Children taught not to question authority become adults vulnerable to:

• abuse

• coercion

• exploitation

 

Particularly when they are also taught:

• discomfort must be tolerated

• “no” is inappropriate

• authority figures define reality

This is one reason many Autistic advocates view compliance-based intervention as a safeguarding issue, not merely a therapeutic debate.

 

The Why behind “positive” behaviour supports still feeling harmful: Many practitioners genuinely care. That nuance matters. PBS today often includes: trauma-informed language person-centred planning quality-of-life frameworks collaborative rhetoric

But systems are not defined solely by intention. They are defined by function. And the function of behaviour support often remains:

• reducing behaviours systems find difficult

• increasing institutional manageability

• minimising disruption

This is why many Autistic people experience PBS as: behaviourism wearing softer clothes; yet the tag is still stitched in firmly, so there is still an itch...a discomfort.

 

The alternative: support without behaviour control. Neuro-affirming approaches do not begin with compliance. They begin with curiosity.

Instead of: “How do we stop this behaviour?” They ask: “What is this person communicating?” This leads to very different supports.

 

Alternatives to behaviourist frameworks- Sensory-informed support: Recognising overload before crisis occurs. Examples:

• noise reduction

• lighting adjustments

• movement access

• sensory tools

 

Communication-centred approaches- Not replacing communication but expanding it. Examples:

• AAC

• supported communication

• processing time

validating non-speaking communication

 

Collaborative & Proactive Solutions (CPS)- Developed by Ross Greene. Focus on:

• collaborative problem solving

• reducing adversarial dynamics

Core philosophy: “Kids do well if they can.” Not: “Kids do well if they want to.”

 

Developmental & relational approaches- Focus on:

• connection

• co-regulation

• nervous system safety

• autonomy

Rather than behaviour reduction targets.

 

Environmental adaptation- Sometimes the person is not the problem. The environment is. Examples:

• reduced demand load

• flexible expectations

• pacing adjustments

• autonomy over transitions

 

The deeper issue not to scroll past: who gets to define “normal”? This is ultimately not just a therapeutic debate. It is a political one. Behaviour support asks: “How do we adapt Disabled people to systems?” Neuro-affirming frameworks ask: “How do we adapt systems to Disabled people?” Those are radically different projects. One centres institutional comfort. The other centres human dignity.

 

GRANN’s position: 

We reject the idea that support must begin with behaviour correction.
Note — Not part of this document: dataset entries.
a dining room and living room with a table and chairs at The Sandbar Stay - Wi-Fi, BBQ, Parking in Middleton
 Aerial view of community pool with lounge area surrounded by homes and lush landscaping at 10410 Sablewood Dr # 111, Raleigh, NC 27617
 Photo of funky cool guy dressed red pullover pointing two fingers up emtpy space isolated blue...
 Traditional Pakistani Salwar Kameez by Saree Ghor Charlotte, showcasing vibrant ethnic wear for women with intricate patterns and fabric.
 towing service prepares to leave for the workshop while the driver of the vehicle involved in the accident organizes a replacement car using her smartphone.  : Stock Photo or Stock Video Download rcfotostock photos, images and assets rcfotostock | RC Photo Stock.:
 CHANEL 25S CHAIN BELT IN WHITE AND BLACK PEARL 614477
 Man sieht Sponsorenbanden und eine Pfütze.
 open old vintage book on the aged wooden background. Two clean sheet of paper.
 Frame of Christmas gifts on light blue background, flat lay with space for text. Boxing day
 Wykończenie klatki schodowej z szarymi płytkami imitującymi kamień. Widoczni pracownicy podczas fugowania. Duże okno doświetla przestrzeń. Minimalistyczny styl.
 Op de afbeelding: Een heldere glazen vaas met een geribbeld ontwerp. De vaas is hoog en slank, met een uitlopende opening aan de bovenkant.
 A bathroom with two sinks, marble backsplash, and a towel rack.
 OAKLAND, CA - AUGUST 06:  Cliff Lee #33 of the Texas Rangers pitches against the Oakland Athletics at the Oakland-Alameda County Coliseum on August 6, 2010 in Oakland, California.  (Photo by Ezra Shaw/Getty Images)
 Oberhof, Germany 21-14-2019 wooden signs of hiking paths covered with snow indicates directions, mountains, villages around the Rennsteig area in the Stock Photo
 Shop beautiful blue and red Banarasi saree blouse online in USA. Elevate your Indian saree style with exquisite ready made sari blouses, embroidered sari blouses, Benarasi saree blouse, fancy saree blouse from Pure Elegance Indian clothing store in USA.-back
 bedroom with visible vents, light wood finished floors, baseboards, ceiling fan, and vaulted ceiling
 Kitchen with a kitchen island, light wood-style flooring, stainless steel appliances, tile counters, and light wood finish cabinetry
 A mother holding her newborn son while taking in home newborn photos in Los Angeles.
We reject frameworks that treat distress as disruption before understanding it as communication.

We reject the assumption that Autistic, Neurodivergent, and Disabled people exist to become more manageable for institutions.

And we reject the quiet cultural belief that compliance equals wellbeing.

Because the goal should never be:

• quieter children

• more compliant adults

• easier classrooms

• smoother service delivery

The goal should be autonomy, safety, communication, accessibility, dignity, genuine inclusion, individualised supports.

Before we sign off, we'll leave you to hopefully reflect on the following: Behaviour support became dominant because it solves a problem for systems.

But the question we should be asking is: Does it solve a problem for Autistic, Neurodivergent, or Disabled people? Or does it simply make disability easier for institutions to tolerate?

Because there is a profound difference between:supporting a personandreshaping them to fit environments that refuse to change.